I own a Benelli SBE with a Sure Cycle that was installed locally 2 seasons ago. Initially it cycled light trap loads fine, but as of late ,it will not. I have removed the buttstock and checked for debris, etc. and everything seemed fine. Is there any truth to the fact that I should not oil a Sure Cycle?


----------



## TK33 (Aug 12, 2008)

Doughboy181 said:


> I own a Benelli SBE with a Sure Cycle that was installed locally 2 seasons ago. Initially it cycled light trap loads fine, but as of late ,it will not. I have removed the buttstock and checked for debris, etc. and everything seemed fine. Is there any truth to the fact that I should not oil a Sure Cycle?
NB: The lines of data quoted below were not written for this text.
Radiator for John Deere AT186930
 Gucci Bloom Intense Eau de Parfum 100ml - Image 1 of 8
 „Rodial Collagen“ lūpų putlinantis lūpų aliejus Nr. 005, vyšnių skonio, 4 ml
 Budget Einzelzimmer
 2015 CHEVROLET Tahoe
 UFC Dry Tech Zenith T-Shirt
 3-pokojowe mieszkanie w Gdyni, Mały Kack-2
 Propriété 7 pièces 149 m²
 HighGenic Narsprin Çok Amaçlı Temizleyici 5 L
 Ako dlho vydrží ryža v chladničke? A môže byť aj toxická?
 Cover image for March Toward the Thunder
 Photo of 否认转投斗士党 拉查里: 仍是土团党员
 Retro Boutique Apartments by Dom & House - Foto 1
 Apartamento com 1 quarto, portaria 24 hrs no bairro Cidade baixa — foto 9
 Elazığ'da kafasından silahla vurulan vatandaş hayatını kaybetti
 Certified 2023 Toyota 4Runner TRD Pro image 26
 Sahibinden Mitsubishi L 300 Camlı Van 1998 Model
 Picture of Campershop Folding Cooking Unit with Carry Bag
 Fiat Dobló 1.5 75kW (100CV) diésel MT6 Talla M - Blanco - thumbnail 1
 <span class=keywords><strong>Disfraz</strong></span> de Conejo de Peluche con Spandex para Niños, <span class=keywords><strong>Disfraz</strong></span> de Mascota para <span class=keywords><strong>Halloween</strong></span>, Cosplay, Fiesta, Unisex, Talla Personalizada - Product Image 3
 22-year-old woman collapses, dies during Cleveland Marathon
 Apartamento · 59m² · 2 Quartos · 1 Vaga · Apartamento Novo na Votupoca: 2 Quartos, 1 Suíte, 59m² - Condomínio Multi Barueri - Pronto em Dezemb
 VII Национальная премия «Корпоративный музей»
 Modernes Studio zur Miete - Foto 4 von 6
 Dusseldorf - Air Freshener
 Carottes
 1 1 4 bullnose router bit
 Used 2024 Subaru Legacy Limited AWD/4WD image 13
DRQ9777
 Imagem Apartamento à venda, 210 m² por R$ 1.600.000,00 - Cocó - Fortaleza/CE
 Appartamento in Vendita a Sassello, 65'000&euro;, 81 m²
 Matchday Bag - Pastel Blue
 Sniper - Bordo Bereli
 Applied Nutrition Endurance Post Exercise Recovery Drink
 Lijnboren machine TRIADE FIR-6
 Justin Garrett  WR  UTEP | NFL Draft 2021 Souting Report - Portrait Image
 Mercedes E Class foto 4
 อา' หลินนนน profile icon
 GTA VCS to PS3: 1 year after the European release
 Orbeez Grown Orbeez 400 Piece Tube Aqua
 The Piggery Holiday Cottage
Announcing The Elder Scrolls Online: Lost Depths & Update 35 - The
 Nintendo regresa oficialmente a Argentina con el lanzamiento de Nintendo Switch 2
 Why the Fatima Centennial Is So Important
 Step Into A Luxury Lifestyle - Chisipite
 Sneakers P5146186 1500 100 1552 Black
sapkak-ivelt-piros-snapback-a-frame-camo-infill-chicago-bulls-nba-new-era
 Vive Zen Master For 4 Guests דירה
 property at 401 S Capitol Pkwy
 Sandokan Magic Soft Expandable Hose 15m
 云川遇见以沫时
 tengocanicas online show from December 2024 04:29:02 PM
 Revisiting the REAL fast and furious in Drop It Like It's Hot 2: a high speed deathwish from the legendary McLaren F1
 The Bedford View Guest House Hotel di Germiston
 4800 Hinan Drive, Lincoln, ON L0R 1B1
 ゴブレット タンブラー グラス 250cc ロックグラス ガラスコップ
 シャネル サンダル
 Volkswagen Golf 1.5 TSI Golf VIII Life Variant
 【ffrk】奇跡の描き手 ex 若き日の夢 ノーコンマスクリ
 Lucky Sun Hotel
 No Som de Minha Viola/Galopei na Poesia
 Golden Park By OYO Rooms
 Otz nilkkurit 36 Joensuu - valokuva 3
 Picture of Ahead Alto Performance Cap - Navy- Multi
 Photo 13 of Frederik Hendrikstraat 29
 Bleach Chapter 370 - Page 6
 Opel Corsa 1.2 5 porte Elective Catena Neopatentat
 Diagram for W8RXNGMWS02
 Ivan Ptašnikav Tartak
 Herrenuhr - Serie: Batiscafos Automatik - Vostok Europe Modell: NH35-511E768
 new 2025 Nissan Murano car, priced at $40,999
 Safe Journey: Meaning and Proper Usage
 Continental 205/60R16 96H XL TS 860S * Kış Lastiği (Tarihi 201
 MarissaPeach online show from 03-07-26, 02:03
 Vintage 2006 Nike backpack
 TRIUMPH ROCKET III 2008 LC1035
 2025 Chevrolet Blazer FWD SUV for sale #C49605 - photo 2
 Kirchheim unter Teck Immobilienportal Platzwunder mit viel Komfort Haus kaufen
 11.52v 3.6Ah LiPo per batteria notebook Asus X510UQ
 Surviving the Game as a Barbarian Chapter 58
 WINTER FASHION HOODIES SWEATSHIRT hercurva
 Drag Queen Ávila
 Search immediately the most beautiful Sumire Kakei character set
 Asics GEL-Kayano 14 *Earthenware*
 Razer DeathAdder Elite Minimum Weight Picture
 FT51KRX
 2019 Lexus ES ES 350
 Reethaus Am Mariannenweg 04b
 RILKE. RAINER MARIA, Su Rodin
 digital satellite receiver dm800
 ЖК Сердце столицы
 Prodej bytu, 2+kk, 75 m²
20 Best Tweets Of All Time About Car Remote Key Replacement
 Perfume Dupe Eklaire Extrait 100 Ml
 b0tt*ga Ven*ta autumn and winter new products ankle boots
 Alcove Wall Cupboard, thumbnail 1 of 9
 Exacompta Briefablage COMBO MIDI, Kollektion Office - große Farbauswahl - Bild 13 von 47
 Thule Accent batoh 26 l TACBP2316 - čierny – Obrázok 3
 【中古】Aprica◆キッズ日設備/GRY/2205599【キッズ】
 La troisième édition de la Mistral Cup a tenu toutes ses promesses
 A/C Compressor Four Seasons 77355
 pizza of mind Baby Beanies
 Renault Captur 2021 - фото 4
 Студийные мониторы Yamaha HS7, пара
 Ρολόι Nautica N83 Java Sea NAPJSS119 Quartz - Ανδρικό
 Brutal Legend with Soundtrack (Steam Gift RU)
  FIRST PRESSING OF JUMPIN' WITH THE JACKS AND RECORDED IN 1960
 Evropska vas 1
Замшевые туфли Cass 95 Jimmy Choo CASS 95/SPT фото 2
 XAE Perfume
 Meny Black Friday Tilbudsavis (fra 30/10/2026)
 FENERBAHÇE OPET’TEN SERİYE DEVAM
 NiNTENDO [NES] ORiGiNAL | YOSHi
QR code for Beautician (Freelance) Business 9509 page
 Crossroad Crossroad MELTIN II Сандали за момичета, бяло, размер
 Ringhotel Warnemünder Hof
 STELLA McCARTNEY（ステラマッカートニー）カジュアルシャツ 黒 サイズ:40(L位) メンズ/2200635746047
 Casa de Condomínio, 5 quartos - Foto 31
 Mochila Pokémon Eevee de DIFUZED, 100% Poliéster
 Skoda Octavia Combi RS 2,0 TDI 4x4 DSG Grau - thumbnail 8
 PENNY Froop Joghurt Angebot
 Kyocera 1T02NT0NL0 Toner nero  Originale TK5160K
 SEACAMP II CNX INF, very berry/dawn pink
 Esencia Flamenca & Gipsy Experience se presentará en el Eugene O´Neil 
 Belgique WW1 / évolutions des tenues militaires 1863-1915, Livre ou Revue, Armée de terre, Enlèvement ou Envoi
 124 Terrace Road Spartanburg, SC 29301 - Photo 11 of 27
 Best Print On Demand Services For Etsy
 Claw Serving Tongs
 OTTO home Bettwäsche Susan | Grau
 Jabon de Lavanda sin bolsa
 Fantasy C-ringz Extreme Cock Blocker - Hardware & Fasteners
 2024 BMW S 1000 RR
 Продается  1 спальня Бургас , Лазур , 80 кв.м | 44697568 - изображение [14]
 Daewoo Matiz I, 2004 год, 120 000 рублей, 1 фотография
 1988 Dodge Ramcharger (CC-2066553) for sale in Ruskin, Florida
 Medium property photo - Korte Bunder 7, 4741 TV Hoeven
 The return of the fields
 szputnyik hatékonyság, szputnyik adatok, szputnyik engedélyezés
Are you shooting 3 drams? Benellis are notorious for not cycling light loads. When reloading I stay above 10,000psi pressures and I have not had a problem.

I have never had a problem with 3 dram or higher shells. Nor have I ever had a problem with any hunting loads. Hope this helps.


----------



## Doughboy181 (Jun 9, 2009)

Thanks for the reply! Yes, the last time I had issues with the gun not cycling I was shooting Winchester Super X @ 3 3/4 Dram 1 1/4 oz .#6's.
Initially after the Sure Cycle was installed it would shoot low brass 2 3/4 Dram shells just fine. This is why I am so puzzled.


----------



## TK33 (Aug 12, 2008)

Doughboy181 said:


> Thanks for the reply! Yes, the last time I had issues with the gun not cycling I was shooting Winchester Super X @ 3 3/4 Dram 1 1/4 oz .#6's.
> Initially after the Sure Cycle was installed it would shoot low brass 2 3/4 Dram shells just fine. This is why I am so puzzled.


Then my best guess would be to get the thing tuned by a gunsmith. There are some adjustments they can make to the action. Good luck.


----------